* **To do**:
All of the entries are to be repeated exactly, with no pictures included.

----------------------------------------

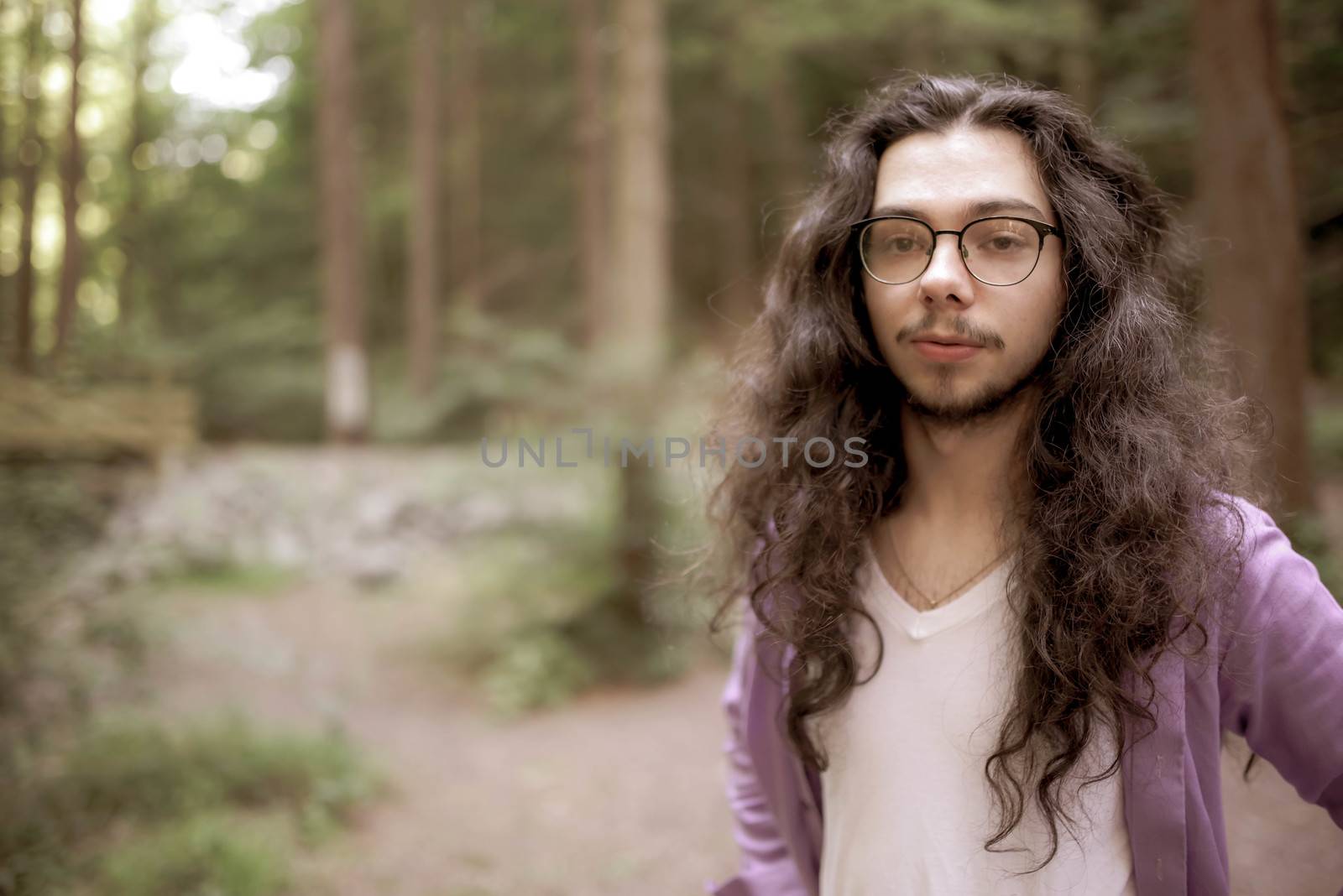 A handsome young man with long hair stands off center in the woods, looking straight at the camera. Defocused background copy space.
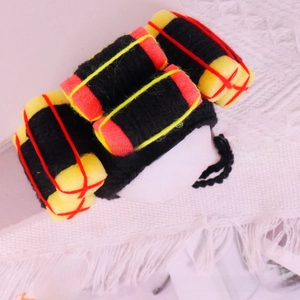 Detailed view of handmade knitted dynamite shaped funny pet headwear accessory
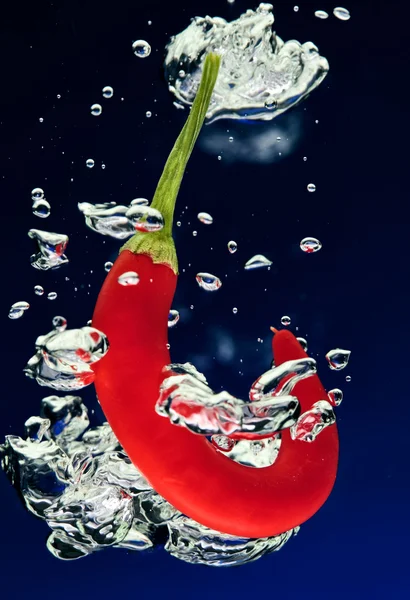 Chilli pepper falling in water with air bubbles — Stock Photo, Image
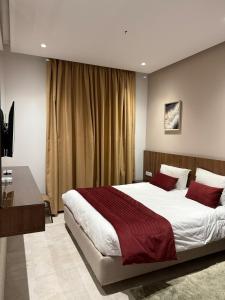 a bedroom with a large bed with red pillows at Pacha hotel in Sfax +20 photos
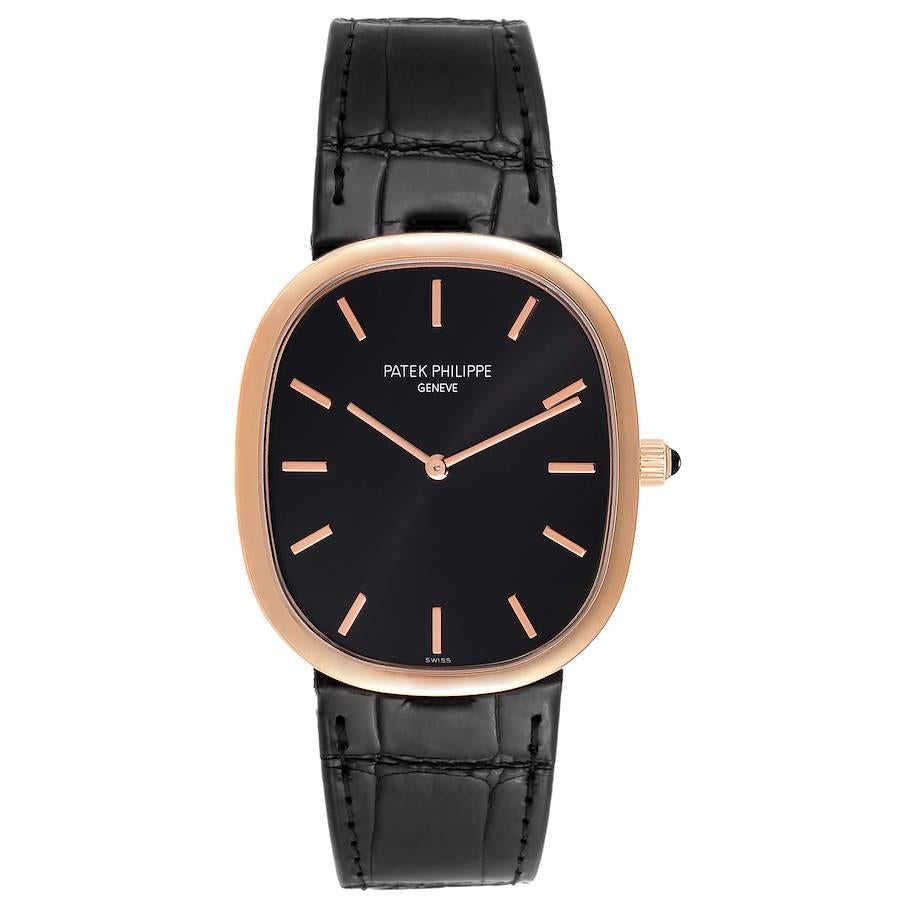Patek Philippe Golden Ellipse Grande Taille Rose Gold Watch 5738 Box Papers. Automatic self-winding lever movement. 18k rose gold ultra-thin case 34.5 x 39.5 mm. T-bar lugs. Crown set with an onyx. . Scratch resistant sapphire crystal. Ebony black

----------------------------------------

* **Answer space**:
 A handsome young man with long hair stands off center in the woods, looking straight at the camera. Defocused background copy space.
 Detailed view of handmade knitted dynamite shaped funny pet headwear accessory
 Chilli pepper falling in water with air bubbles — Stock Photo, Image
 a bedroom with a large bed with red pillows at Pacha hotel in Sfax +20 photos
Patek Philippe Golden Ellipse Grande Taille Rose Gold Watch 5738 Box Papers. Automatic self-winding lever movement. 18k rose gold ultra-thin case 34.5 x 39.5 mm. T-bar lugs. Crown set with an onyx. . Scratch resistant sapphire crystal. Ebony black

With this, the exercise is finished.